Bill to raise smoking age inhibits freedom

Our liberty as citizens and our respect as members of society are threatened by the latest proposed legislation in the Connecticut General Assembly. I speak on behalf of all 18- to 20-year-olds, whom the proposed law would prohibit from buying cigarettes. Most efforts to reduce smoking among young people and the general population are laudable, but this latest attempt is ignominious. The rights of adults in a free society are not to be tampered with for the sake of “saving” one from oneself.

We all accept that, as part of a society, we do not have completely unfettered liberty. We accept laws in these cases when they constrain individuals’ actions that would or could harm other people.

Laws like those prohibiting minors from smoking are also generally accepted because a certain level of paternalism and protection is reasonable for children. While parents should probably be making those decisions instead of the government, I acknowledge that some parents don’t fill their roles well, and that argument can live to fight another day.

I am not an advocate of smoking. I unreasonably chastise my friends for smoking, when I wouldn’t criticize almost any other personal decisions, and won’t smoke myself. Nevertheless, individual adults have the right to make decisions for themselves, even if they may harm themselves. The dangers of smoking are well known. One would be deaf and blind to be a smoker today without knowing the health effects and cigarettes’ addictive properties.

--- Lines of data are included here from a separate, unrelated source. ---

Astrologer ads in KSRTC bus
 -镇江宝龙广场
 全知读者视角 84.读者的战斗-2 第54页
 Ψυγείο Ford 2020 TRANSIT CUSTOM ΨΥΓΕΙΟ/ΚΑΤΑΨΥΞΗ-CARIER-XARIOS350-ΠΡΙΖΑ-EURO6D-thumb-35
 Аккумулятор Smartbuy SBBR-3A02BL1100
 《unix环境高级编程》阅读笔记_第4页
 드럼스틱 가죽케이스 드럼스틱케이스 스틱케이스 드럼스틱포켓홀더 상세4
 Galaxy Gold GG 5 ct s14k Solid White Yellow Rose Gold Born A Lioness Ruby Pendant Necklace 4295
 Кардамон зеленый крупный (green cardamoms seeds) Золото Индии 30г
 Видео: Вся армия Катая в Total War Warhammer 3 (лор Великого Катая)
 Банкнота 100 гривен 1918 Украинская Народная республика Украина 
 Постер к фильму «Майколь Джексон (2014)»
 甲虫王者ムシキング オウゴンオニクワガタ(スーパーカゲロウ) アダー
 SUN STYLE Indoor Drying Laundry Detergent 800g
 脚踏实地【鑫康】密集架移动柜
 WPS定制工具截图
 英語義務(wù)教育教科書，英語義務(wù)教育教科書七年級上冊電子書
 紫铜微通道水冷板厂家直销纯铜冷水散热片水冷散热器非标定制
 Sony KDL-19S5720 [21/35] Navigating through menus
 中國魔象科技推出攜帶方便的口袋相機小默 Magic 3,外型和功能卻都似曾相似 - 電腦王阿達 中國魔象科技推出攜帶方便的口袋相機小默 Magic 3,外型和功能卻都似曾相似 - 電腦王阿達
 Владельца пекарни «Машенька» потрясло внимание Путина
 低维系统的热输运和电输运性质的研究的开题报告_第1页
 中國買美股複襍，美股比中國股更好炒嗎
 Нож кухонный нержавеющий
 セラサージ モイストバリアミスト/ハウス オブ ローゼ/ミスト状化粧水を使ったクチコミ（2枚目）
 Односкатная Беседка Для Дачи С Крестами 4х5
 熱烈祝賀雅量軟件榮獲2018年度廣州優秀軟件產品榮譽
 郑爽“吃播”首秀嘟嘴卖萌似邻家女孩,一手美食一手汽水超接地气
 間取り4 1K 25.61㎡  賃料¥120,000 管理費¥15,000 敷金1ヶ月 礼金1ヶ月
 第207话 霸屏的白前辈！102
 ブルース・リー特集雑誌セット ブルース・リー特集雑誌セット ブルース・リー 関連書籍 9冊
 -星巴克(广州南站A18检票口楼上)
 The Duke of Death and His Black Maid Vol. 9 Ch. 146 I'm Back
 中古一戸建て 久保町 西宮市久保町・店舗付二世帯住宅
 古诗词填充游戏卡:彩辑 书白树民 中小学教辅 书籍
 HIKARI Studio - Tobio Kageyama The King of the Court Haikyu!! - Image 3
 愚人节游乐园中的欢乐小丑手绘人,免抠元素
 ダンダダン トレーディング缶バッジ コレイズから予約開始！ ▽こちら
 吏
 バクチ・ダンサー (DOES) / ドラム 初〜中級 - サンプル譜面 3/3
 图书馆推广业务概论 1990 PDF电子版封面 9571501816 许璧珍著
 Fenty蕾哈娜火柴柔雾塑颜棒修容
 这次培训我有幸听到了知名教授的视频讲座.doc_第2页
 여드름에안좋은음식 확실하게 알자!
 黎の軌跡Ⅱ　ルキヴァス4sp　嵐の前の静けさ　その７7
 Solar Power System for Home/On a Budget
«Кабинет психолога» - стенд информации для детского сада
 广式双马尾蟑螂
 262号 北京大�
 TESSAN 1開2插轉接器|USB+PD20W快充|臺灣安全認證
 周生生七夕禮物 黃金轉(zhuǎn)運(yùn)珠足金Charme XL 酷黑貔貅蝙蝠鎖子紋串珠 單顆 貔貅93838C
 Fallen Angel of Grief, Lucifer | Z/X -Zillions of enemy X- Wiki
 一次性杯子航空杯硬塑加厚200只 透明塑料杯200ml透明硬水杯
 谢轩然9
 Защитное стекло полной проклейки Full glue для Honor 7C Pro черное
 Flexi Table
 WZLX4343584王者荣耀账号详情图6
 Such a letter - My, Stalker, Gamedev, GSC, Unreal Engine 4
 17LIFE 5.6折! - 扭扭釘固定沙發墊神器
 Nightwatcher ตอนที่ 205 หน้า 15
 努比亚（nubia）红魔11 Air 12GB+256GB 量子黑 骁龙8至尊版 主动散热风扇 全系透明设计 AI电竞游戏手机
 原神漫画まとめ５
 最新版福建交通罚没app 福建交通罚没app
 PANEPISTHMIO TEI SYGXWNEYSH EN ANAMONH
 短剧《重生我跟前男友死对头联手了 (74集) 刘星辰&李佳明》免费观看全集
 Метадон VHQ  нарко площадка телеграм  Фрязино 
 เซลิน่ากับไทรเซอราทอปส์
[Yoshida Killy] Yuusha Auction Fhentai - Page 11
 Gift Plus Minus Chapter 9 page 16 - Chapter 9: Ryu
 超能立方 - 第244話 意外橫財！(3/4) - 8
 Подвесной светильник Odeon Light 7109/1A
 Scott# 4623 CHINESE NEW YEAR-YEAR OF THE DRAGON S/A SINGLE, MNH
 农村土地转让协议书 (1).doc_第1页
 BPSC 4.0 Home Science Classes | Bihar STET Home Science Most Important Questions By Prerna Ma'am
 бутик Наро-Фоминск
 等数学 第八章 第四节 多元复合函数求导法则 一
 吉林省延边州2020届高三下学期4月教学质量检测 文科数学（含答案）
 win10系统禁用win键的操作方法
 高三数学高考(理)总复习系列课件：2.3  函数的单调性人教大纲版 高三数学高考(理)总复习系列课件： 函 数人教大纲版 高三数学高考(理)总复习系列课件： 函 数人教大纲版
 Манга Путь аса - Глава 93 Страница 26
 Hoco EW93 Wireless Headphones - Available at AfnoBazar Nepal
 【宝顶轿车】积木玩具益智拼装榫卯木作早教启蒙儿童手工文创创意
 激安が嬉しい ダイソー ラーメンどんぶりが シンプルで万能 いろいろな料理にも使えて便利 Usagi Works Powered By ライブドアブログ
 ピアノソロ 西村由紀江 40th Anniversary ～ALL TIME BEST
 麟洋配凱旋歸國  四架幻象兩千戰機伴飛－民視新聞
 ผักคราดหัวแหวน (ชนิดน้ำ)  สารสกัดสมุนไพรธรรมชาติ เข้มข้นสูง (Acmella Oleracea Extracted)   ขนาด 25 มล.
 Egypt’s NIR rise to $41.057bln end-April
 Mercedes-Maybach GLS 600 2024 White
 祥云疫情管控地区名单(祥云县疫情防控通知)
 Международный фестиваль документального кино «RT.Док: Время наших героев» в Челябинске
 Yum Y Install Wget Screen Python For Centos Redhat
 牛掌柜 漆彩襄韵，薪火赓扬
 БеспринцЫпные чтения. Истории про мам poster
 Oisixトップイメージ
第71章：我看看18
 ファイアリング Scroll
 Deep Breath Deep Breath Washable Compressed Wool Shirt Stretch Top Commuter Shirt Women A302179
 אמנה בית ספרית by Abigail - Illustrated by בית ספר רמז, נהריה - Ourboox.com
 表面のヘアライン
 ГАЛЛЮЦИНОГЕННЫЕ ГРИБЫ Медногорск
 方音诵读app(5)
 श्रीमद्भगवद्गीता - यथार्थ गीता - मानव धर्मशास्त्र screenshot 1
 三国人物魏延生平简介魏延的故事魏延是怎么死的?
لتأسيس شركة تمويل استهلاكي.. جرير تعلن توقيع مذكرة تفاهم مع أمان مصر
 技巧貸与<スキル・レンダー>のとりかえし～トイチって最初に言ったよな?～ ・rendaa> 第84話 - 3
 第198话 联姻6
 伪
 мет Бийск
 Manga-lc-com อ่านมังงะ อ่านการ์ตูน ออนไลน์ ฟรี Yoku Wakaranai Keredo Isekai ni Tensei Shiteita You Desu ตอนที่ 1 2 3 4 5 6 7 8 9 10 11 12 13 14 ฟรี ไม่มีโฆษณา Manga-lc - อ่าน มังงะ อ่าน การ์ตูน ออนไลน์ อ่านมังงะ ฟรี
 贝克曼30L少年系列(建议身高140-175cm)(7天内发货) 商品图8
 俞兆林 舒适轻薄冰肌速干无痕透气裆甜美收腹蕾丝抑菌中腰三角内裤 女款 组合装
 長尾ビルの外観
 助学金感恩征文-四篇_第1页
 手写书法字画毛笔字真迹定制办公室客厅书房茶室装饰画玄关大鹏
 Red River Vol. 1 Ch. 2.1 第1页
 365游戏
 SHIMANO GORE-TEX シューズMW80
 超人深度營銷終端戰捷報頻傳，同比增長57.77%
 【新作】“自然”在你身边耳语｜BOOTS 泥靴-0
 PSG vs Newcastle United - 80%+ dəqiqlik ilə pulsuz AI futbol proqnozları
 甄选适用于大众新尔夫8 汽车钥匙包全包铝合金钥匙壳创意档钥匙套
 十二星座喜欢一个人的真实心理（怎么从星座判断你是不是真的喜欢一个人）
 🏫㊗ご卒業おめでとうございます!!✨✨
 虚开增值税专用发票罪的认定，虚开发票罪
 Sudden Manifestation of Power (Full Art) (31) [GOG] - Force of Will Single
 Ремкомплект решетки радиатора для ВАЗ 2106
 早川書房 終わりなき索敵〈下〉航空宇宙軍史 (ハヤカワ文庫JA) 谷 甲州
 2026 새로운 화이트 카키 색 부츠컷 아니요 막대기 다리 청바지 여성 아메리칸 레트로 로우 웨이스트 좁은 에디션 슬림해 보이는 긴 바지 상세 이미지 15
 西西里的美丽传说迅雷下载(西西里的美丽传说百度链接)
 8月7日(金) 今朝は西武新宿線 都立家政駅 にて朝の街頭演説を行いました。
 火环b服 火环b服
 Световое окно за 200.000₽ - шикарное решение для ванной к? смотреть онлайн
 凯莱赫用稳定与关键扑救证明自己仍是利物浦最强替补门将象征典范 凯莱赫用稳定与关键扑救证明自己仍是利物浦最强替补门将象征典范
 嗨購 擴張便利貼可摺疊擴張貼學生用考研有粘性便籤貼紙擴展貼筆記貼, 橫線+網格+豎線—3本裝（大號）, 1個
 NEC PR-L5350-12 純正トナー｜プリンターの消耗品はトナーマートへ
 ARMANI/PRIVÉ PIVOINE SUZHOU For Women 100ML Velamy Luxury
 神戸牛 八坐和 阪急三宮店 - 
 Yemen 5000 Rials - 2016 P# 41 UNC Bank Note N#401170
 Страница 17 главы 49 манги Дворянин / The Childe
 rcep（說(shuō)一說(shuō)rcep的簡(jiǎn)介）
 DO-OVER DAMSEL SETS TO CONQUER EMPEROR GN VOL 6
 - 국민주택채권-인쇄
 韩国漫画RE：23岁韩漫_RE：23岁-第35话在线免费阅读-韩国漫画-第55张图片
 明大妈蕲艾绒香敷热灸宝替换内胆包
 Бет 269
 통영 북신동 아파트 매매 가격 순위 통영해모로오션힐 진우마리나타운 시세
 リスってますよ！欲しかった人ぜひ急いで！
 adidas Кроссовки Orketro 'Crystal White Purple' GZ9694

Eighteen-, 19- and 20-year-olds are adults by any reasonable standards. There are the obvious examples of their adulthood: They can vote, they can marry and they can die in war overseas. But the broader picture of the age group is even more informative.

A majority of the student body is under 21 at any given time, yet it is hardly a campus of children. Students live independently physically and, for some, financially. While at Yale, they tutor children and work in the community. In their summers, these young adults make money for some of the biggest corporations in the world and help elect candidates for state and national office.

My Yale examples should be illustrative, but shouldn’t suggest that one has to do these things to be an adult. Students at Gateway Community College have proved themselves just as much adults. They have made the decision to pursue further education, often at their own cost. They take up jobs to pay the bills and many live in their own apartments.

In short, 18- to 20-year-olds do as much as any adult, because they are adults.

The fact that cigarettes are harmful gives the government no special right to prohibit their use. We face situations every day that can have negative impacts on our health or life. While no friend of liberty could propose this, if one were really concerned about the lives of young adults, one would ban them from getting in cars instead of from smoking, as motor vehicle accidents are far and away the leading killer of older teenagers and young adults. Even legislating away all our liberties would not make us completely safe. Some people freely choose to smoke, and from it they get some benefit, which is not for government to deny them.

The saddest thing about this law, if it were passed, would be that it passed even though 18- to 20-year-olds can vote. Although they may be but a small proportion of the electorate, they are constituents who can demand at the ballot box that their rights be respected. One would hope young adults would rally against this bill if its passing seems likely. But one would also hope the same young adults would demand other denied liberties, such as restoring the drinking age to 18. Without a doubt, the arguments above are just as compelling for this cause.

In fact, if underage drinking is to be a guide, this proposed law’s effectiveness would be embarrassing. Such embarrassment would be miniscule, though, compared to how shameful the law’s encroachment on liberty would be.

Nevertheless, we live in a nation where paternalism is often legislated, and where our concern for liberty is often only skin-deep. If older adults can be subject to paternalistic laws, young adults — with their ballot-box apathy — are even more vulnerable.

Fellow young adults, smokers or not, our liberties in this society must be guarded more carefully than those of most other groups. This proposed law should be offensive to everyone. Lawmakers, your concern for our health is not touching. Leave our liberties alone.

Patrick Ward is a junior in Branford College. His regular column appears on alternate Tuesdays.